For me, those last three sentences truly resonated. She is an EXCELLENT advocate. And she NEVER seeks the limelight. And for the past three years that I have known her, she has proven herself as the social security guru—the DDS superhero—and the benefits authority extraordinaire. I have had the privilege of seeing Beth give presentations. I have been grateful for her expertise on the benefits task force. And mostly, I have come to learn that she is one of the smartest and most caring women I know! Please join me in congratulating Beth Bates, a most deserving recipient of the B. Riney Green award.
 
~ Lisa Primm, Director, Policy and Training at TALS

And End of the Year Treasure
Shayla Purifoy Receives New Advocate of the Year Award (2011)
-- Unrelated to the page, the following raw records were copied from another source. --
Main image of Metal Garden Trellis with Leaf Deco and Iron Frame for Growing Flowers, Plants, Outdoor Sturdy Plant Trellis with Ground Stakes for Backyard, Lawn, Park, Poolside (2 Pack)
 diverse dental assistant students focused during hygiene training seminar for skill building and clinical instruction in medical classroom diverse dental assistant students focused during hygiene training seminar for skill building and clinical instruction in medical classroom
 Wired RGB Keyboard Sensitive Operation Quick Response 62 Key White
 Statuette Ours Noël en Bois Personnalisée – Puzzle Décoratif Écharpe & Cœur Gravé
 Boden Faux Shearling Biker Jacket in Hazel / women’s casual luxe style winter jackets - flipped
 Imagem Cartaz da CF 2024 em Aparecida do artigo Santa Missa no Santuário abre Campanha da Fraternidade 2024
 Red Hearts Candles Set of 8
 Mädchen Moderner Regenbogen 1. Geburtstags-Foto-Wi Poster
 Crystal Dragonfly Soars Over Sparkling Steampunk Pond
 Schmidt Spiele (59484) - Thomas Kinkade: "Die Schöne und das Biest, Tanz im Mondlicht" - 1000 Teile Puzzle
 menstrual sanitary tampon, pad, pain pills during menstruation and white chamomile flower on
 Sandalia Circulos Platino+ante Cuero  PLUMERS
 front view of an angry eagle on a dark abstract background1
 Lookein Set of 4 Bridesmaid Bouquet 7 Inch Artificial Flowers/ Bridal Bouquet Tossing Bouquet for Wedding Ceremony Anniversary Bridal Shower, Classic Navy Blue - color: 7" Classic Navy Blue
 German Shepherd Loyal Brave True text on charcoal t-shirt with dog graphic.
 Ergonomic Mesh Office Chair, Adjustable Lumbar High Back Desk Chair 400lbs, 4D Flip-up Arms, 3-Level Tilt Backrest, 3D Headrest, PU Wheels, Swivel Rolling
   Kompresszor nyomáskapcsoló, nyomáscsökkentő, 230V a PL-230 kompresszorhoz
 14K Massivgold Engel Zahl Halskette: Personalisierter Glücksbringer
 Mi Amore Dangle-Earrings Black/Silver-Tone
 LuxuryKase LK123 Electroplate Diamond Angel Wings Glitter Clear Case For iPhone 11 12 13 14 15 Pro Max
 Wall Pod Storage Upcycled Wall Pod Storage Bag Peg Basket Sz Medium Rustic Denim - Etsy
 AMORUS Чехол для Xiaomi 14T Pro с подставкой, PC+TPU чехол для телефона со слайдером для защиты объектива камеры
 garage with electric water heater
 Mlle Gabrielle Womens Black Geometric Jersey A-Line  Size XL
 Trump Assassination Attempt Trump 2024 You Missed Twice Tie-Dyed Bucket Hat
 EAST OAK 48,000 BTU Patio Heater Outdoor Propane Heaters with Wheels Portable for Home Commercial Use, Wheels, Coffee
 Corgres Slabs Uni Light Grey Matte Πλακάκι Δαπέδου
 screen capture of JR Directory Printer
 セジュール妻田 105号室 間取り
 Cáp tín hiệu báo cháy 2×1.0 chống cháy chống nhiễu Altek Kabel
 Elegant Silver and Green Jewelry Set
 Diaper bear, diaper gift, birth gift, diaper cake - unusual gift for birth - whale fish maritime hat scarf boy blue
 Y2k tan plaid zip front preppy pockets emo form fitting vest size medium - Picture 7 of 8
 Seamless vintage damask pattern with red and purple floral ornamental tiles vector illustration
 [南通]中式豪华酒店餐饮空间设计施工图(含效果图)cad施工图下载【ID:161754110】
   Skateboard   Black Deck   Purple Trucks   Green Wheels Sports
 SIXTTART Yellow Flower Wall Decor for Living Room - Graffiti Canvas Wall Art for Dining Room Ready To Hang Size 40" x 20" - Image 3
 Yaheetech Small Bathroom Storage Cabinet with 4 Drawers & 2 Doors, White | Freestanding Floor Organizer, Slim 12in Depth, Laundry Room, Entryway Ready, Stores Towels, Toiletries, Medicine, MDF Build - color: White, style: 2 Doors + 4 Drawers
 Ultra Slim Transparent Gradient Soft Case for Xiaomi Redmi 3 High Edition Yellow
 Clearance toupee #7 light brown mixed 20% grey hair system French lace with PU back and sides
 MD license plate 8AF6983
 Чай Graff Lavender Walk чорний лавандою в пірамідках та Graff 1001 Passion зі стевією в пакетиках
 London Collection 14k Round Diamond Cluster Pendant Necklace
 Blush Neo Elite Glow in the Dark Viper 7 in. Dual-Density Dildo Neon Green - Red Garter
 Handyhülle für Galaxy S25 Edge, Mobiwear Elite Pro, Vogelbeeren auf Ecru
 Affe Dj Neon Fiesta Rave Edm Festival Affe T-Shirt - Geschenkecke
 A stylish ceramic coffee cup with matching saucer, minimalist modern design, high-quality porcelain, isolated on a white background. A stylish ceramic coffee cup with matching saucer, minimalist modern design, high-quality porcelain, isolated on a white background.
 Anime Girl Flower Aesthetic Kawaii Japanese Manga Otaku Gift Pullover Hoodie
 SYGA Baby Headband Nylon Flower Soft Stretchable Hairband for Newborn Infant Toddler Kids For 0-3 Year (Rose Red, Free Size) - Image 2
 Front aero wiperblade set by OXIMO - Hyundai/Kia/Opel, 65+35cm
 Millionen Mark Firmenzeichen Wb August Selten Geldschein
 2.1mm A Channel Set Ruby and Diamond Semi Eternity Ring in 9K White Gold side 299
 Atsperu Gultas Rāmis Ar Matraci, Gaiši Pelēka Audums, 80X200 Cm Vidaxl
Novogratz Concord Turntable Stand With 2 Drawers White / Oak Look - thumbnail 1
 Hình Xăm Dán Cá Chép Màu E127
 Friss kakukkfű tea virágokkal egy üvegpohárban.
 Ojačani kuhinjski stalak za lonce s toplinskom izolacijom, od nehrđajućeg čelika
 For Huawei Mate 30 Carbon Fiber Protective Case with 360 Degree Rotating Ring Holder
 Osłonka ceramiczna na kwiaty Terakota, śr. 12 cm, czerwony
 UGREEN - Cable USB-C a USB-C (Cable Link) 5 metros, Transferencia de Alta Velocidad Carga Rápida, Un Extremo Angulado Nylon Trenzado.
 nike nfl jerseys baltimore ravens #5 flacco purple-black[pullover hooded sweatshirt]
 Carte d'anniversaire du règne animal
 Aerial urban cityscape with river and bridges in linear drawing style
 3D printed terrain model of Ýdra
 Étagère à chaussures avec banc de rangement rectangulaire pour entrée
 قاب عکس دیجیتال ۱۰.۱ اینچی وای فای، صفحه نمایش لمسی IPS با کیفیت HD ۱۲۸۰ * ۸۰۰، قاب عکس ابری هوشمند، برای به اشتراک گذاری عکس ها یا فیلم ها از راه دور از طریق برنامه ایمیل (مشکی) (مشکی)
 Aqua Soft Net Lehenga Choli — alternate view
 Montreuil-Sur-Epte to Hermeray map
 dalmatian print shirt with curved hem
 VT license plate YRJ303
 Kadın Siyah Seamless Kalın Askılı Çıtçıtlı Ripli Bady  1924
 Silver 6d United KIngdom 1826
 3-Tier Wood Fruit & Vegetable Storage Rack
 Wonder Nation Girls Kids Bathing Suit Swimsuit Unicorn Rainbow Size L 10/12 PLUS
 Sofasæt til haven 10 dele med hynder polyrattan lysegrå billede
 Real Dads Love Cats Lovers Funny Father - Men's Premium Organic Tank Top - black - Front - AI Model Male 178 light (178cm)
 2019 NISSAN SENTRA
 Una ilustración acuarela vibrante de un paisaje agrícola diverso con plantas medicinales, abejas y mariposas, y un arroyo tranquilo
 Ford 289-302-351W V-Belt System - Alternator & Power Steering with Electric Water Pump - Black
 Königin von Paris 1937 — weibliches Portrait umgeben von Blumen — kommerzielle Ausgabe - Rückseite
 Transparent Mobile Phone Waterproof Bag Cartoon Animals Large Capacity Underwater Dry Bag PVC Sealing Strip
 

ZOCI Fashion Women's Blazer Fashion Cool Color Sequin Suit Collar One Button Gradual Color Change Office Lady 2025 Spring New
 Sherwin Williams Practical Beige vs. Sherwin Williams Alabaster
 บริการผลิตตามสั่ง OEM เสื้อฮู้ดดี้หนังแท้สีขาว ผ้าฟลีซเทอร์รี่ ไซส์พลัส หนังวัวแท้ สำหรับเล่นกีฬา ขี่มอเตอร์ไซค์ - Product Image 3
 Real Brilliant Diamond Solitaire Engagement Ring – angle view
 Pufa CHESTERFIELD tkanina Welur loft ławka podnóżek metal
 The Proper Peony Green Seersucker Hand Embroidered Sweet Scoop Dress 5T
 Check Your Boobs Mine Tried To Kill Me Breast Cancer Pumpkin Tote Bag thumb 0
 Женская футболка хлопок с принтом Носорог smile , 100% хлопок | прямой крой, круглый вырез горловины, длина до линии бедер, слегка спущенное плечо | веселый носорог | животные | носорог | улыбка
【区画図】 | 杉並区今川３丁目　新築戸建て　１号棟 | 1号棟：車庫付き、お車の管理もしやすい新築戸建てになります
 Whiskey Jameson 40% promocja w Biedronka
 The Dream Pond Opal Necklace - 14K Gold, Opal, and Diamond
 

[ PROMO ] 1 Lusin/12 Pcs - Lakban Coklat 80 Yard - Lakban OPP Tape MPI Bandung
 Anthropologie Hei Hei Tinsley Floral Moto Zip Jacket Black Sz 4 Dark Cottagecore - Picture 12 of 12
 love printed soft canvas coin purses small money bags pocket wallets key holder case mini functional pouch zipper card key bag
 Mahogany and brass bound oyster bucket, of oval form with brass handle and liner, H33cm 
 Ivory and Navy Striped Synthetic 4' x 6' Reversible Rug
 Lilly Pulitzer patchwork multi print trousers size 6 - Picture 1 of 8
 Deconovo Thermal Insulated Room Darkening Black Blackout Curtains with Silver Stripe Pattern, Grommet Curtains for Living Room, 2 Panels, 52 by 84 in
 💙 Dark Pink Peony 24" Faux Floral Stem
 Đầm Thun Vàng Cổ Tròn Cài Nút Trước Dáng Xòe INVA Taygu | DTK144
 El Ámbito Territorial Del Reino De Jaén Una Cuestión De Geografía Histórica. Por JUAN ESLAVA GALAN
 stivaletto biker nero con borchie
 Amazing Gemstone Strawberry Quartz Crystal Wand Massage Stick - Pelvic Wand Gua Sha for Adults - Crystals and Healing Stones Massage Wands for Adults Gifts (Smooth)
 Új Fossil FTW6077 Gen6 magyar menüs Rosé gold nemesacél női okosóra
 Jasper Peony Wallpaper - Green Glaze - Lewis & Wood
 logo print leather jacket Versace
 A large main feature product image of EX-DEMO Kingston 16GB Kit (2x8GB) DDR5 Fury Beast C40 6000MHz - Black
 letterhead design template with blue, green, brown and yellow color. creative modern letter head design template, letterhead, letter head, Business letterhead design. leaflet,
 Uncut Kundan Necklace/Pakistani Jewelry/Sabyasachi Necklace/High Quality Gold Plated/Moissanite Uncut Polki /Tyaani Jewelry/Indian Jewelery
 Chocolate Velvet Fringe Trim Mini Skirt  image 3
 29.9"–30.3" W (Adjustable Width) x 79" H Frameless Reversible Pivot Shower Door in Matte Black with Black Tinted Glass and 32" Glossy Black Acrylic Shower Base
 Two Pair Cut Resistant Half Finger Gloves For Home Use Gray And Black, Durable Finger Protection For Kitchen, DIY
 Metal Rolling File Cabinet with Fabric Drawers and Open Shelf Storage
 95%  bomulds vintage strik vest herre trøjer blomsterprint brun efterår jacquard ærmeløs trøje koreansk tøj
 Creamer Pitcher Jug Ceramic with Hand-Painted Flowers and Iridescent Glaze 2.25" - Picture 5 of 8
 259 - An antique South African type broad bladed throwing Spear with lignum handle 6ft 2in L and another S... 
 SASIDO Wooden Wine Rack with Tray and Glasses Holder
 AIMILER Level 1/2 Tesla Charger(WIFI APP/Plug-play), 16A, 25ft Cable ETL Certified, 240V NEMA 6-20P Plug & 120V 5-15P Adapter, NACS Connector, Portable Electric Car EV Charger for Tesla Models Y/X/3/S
Tennessee Alliance for Legal Services typically hosts Equal Justice University in September each year. This year, however, we decided to move it to October – for the life of me, I cannot recall why. In our staff meeting yesterday I said, “I prefer September for EJU.” After Lisa Primm said she “loves October,” I re-considered my statement. “Nah, I still like September,” I thought. Then, I walked into my office and looked out the window. I remember the unexpected visual delight as I drove to Paris Landing State Park. The leaves were beautiful shades of orange, yellow, and brown. Indeed, fall is my favorite time of the year.
 
The completion of EJU is also my favorite time of year. Well, not like that! I enjoy hearing the comments written on evaluation forms and laughing with co-workers about the multiple comments we received about the temperature. Aside from evaluations, I also have an opportunity to review the award nominations and reminisce about the awards dinner. My first thought – Was she a beauty queen?
 
Shayla Purifoy received the Advocate of the Year Award. I chuckled when I thought about taking her photo. She posed with such great confidence and an air of ‘beauty queen.’ And, she is a beauty both inside and out. Her compassion for women and children resonates from the work she does at Memphis Area Legal Services as well as her commitment to raising awareness about domestic violence.
 
In her nomination of Purifoy, Sonja White, managing attorney of the Family Law and Domestic Violence Unit at MALS, wrote: “[Attorney Purifoy] joined the Memphis Area Legal Services in 2008 as an entry level staff attorney in their Family Law Unit. Her area of concentration is representing victims of domestic violence, sexual assault, and stalking in contested orders of protection hearings. During her three years of service, she has demonstrated a strong dedication and passion for protecting the legal rights of domestic violence victims. In the past year, she has experienced a case success rate of 80% and has provided service to approximately 549 women and children.”
 
Purifoy is an active member of the Memphis Area Women Council, which also endorsed her for the Advocate of the Year Award. Her volunteer efforts include participation in the annual October Domestic Violence Awareness Month rallies organized by the Council and the Erase Domestic Crime Collaborative. She also supports the annual Walk a Mile in her Shoes event hosted by the Memphis Area Women’s Council and Memphis Men for Memphis Women that affords her an opportunity to recruit men to walk, collects high heels for men to wear (humm), solicits donations and participate as ‘walker.’
 
During her award acceptance speech, she was transparent about the work she does and her outward expression of sincerity nearly brought me to tears. I tuned in carefully to her thoughtful words. She has discovered something, I think. She has uncovered how to combine her compassion for service with an apparent passion for seeing justice. This work means something to her.
 
Cheers! Congratulations, Shayla Purifoy! The women and children finding themselves in your service are certainly in good caring hands.